A. Yes.Q. Do you agree with me you said nothing there about returning to your house and about deciding to leave to your house to head to work. Is that right?
A. That's what it reads there, but what I actually did was different.Q. So the statement is wrong?
A. Yes, to me these statements were more like answering questions to the bloke.Q. When you received this statement in its typed form, did you read it?
A. Yes.Q. After you read it you signed it. Is that right? You cannot just shake your head. You have got to say yes because it is being recorded. You do not have any problem reading, do you, Mr Pickwell?
A. No.Q. You understood what was in the statement?
A. Yes, until now.Q. Until now, but now you say there is a bit more to it, is that right?
A. Yes, I just - everything not worded in here -Q. Everything is not worded in there?
A. How much ... "Commissioner Hogg said that he accepted the worker's evidence and said that he was "a witness of truth who attempted at all times to be frank and accurate in the giving of his evidence." Commissioner Hogg appeared to conclude that there was no relevant inconsistency between the worker's statement to the investigator and his evidence-in-chief, the latter being merely more detailed. He said that he was satisfied on the balance of probabilities that the worker had "pulled up in the driveway".

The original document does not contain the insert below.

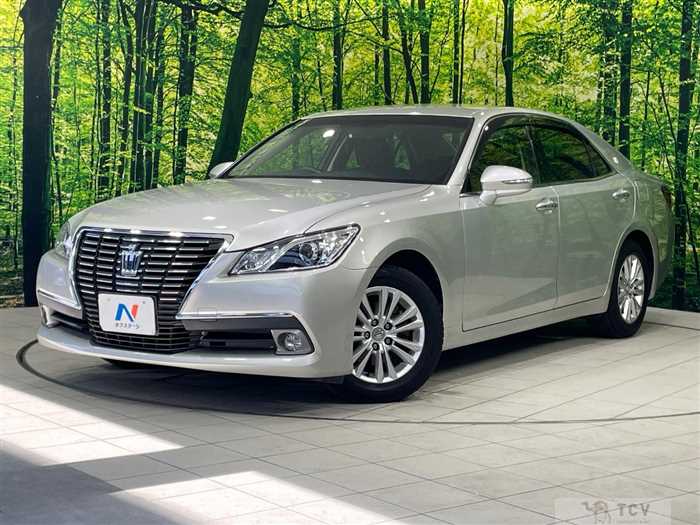 2013 Toyota Crown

Commissioner Hogg then quoted a submission by the employer to the effect that since the gates were locked up and since senior counsel for the worker, who was of "long experience" had not attempted to elicit more specific evidence, the worker cannot have crossed the boundary. The submission concluded:
"There is no attempt to identify which gates, where they were, anything, but that is the onus and it is a very strict onus because that is why the Act was amended to give clear indication to courts that the journey must commence at a particular point. It was to avoid all those cases that you have no doubt heard and heard over the years of people coming out of blocks of flats and premises and so forth and it was made specifically for that."
Commissioner Hogg then said:
"I am not convinced that the respondent's submission is correct in this regard. It does not follow to conclude that Mr Pickwell had not crossed the boundary upon which his home was situated when he pulled up in the driveway ... Indeed, by pulling up in the driveway, the contrary is suggested. It should be emphasised that it is the unchallenged evidence of the applicant that he pulled up in the driveway. The respondent's submission would, of course, have more merit had Mr Pickwell stopped in the street outside his house, but he doesn't do that. He ...'pulls up in the driveway' ... and on the balance of probabilities I would conclude that he was on the boundary upon which his place of abode was situated and had crossed the boundary of his property in reaching that point "in the driveway". Further detailed discussion and reasoning in relation to this point follows later in these reasons.
The respondent contends, however, that other evidence, being the fact that the gates were locked, should lead to the conclusion that Mr Pickwell had not crossed the boundary. I cannot adopt the logic of that submission. There is absolutely no evidence as to where these gates were situated nor what gates were actually being referred to. I do not even know whether these gates were on or near the driveway or, if they were, those gates could be anywhere on the driveway, I simply do not know. The only specific evidence on this point is that Mr Pickwell ... 'pulled up in the driveway' ..."
After dealing with matters largely relevant to other aspects of the case, Commissioner Hogg said:
"I am grateful to Johns J for such a helpful analysis of the authorities and legislative history and I adopt his Honour's reasons. With that in mind, I reiterate that it was more likely than not Mr Pickwell crossed into his place of abode when he ... 'pulled up in the driveway' ... It is more likely than not that Mr Pickwell goes on to the property upon which is situated his place of abode when he goes into the driveway. There is nothing in evidence to suggest anything other than this was a driveway.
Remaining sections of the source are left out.